交通事故の後遺症は治るのですか?

Q、交通事故で残ってしまった後遺症は、いずれ治るものなのでしょうか?

私は交通事故に遭って怪我を負ってしまいその結果、むち打ちですが、後遺障害が残ったとして認定されました。
またその際には、逸失利益や慰謝料なども支払われているのですが、交通事故による後遺症害というのは今後一生治らないものなのでしょうか?
それとも少しずつ症状が回復し、ほとんど痛みなどを感じずに生活をすることができるのでしょうか?
まとまったお金を頂いていますので、それだけ治りにくいということはわかりますが交通事故から3年ほどが経過した今でも時々痛みが出たりすることがありますので、今後の生活が心配です。

年齢を重ねていけば、今感じている痛みなどもさらにひどくなってしまうのではないかという不安もあり、何とか少しでも良くなってくれないかと願うばかりなのですが、やはり様々な検査をして後遺症害として認められたからには今後治ることはないのでしょうか?
また今回の交通事故による後遺症害が引き金となり、さらに症状が悪化してしまうことや他の部位にも症状が飛び火してしまうようなことがあれば、当時の加害者側に対して何かしらの請求が行えるものでしょうか?

A、後遺障害は基本的に治るものではありません。

事故による後遺症害というのは、基本的に完治するものではなく今後うまく付き合っていいかなければならないものや、その他手足の切断をはじめとして失明など簡単には回復することができないものとなっています。
例えば1時的に痛みや腫れなどを感じることがなくても、やはり季節的な問題で再び痛みが出たりすることはあるでしょう。
上記の質問内容に書いてあるとおり、今後痛みが極端にひどくなってしまうことや他の部位にもさまざまな症状が出てしまう内容について、必ずしも加害者側に請求ができるとは限りません。

すでに事故の示談が成立しているようであればその時点で、遺失利益や慰謝料を受け取り、事故については全て水に流し、忘れるという意味で示談が成立していますので簡単には加害者や加害者の保険会社側も取り合ってはくれません。
ただし今回のように怪我をしてしまったむち打ちでの後遺障害によって、明らかにそれが引き金で首が動かなくなってしまったというケースや腰が動かなくなってしまったというケースでは徹底的な検査を行った上で今回の交通事故との因果関係が認められれば請求することができます。

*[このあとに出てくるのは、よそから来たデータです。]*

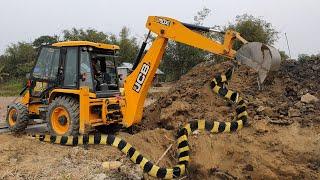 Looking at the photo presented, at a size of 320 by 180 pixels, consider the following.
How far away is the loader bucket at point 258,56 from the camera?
1012cm

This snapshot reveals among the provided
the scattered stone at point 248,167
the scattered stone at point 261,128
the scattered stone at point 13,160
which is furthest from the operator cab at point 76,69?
the scattered stone at point 248,167

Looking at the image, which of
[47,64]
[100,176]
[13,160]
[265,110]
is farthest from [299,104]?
[13,160]

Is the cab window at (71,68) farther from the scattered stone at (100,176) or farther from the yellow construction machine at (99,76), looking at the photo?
the scattered stone at (100,176)

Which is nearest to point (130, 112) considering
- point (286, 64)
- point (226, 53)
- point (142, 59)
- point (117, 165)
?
point (142, 59)

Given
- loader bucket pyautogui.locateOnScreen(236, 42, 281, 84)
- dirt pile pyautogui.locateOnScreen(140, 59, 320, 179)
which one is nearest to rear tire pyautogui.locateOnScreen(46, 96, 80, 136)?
dirt pile pyautogui.locateOnScreen(140, 59, 320, 179)

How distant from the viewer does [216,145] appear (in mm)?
9633

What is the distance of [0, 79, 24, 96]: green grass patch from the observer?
32625mm

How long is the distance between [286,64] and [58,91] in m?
6.72

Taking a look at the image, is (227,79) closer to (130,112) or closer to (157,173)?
(130,112)

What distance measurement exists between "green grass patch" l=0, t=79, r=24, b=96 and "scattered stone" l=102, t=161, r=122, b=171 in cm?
2519

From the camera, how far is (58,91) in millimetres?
10125

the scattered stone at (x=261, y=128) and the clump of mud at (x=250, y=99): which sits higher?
the clump of mud at (x=250, y=99)

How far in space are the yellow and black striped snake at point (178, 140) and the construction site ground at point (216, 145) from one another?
15 cm

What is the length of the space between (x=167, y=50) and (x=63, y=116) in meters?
28.8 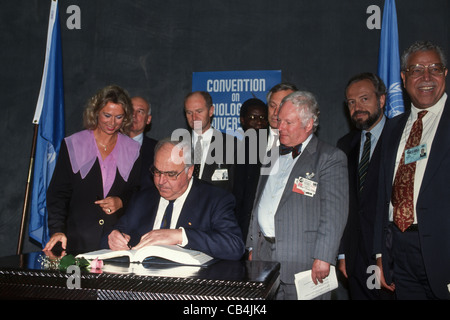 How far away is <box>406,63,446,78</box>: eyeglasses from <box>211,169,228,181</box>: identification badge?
169 centimetres

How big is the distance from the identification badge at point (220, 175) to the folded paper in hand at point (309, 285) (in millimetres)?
1302

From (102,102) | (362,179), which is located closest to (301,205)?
(362,179)

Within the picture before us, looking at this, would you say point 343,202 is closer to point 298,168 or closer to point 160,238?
point 298,168

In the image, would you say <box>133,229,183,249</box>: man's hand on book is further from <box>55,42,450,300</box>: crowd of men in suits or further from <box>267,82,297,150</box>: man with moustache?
<box>267,82,297,150</box>: man with moustache

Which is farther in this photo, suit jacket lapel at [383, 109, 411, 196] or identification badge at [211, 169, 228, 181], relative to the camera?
identification badge at [211, 169, 228, 181]

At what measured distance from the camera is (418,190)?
92.0 inches

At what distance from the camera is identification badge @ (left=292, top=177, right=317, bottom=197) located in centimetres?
271

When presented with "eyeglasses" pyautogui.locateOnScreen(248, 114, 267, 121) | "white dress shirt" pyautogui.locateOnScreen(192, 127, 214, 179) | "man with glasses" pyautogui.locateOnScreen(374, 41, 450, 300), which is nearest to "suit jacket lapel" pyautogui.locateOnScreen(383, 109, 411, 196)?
"man with glasses" pyautogui.locateOnScreen(374, 41, 450, 300)

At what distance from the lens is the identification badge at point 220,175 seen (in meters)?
3.61

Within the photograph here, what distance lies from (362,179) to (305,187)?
0.59 meters

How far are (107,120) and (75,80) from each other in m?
2.73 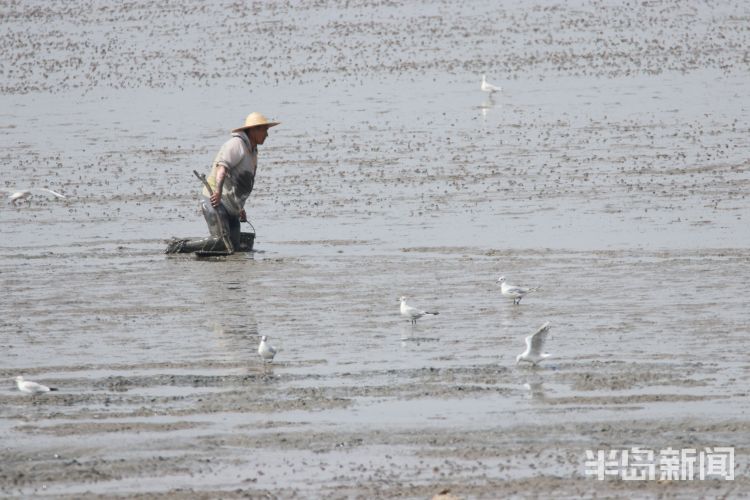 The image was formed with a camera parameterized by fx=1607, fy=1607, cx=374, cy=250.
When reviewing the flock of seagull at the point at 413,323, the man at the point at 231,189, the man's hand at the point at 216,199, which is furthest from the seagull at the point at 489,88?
the flock of seagull at the point at 413,323

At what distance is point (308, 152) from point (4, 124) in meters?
8.14

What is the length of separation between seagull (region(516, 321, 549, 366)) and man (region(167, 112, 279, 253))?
711 centimetres

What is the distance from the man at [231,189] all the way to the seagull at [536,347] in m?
7.11

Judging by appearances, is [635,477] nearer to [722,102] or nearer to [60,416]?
[60,416]

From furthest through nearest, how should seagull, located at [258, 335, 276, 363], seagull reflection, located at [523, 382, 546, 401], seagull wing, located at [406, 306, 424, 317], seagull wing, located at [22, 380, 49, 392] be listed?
seagull wing, located at [406, 306, 424, 317]
seagull, located at [258, 335, 276, 363]
seagull wing, located at [22, 380, 49, 392]
seagull reflection, located at [523, 382, 546, 401]

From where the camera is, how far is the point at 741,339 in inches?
502

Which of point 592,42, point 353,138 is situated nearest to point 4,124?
point 353,138

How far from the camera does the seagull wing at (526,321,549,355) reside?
38.1ft

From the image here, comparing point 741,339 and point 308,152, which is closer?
point 741,339

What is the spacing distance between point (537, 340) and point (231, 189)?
7538mm

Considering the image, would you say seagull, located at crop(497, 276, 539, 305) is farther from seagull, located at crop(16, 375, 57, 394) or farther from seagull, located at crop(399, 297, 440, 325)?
seagull, located at crop(16, 375, 57, 394)

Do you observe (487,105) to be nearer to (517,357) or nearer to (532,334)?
(532,334)

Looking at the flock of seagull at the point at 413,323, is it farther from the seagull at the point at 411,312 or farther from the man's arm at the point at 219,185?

しかしその場合であっても質問者様ご本人が加害者や保険会社に話をするだけでは取り合ってもらえず、最終的には弁護士さんを通じて話し合いをすることになるでしょう。
前述しましたが、あくまでも交通事故との因果関係が認められなければ請求しても保証されるものではありません。
因果関係を認めるためには交通事故による後遺障害や、その他症状に詳しい医療機関で様々な検査を受ける必要があり、まずはそこでの費用を自分で支払わなくてはなりません。

万が一そこで、因果関係が認められないということになれば当然ですがここでの費用などは全て自腹となってしまい、加害者側に請求することはできないと覚えておきましょう。
原則として示談が成立した以上はその後の請求を受け付けてくれる保険会社などはありませんが、上記した通り認められたケースでは、弁護士を通じて保険会社に交渉することで改めて後遺症認定が行われ、差額分の慰謝料や逸失利益が支払われるようなケースもあります。
ただし全てではありませんので少々の変化等では前向きに考えないほうが良いでしょう。
あまりにも症状がひどくなってしまった時には、医療機関に相談をした上でその後についてを検討していくと良いです。